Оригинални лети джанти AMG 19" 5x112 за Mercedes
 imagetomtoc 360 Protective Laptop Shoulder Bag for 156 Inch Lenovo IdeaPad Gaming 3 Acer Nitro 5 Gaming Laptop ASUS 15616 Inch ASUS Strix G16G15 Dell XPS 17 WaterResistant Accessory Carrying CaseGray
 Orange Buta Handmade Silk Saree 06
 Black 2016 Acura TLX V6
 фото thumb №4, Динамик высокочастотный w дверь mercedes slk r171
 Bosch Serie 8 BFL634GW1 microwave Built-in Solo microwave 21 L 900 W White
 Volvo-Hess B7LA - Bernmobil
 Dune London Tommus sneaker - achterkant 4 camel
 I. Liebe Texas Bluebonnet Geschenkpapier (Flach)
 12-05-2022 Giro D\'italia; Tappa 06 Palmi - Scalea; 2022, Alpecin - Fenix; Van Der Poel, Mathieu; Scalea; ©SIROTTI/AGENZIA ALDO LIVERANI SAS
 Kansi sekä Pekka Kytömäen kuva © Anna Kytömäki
• • • •
WHAT THE EXERCISE ASKS => Give back exactly the lines from the one containing "Dune London Tommus" through the last line of the records.

RESULT OF THIS EXERCISE =>
 Dune London Tommus sneaker - achterkant 4 camel
 I. Liebe Texas Bluebonnet Geschenkpapier (Flach)
 12-05-2022 Giro D\'italia; Tappa 06 Palmi - Scalea; 2022, Alpecin - Fenix; Van Der Poel, Mathieu; Scalea; ©SIROTTI/AGENZIA ALDO LIVERANI SAS
 Kansi sekä Pekka Kytömäen kuva © Anna Kytömäki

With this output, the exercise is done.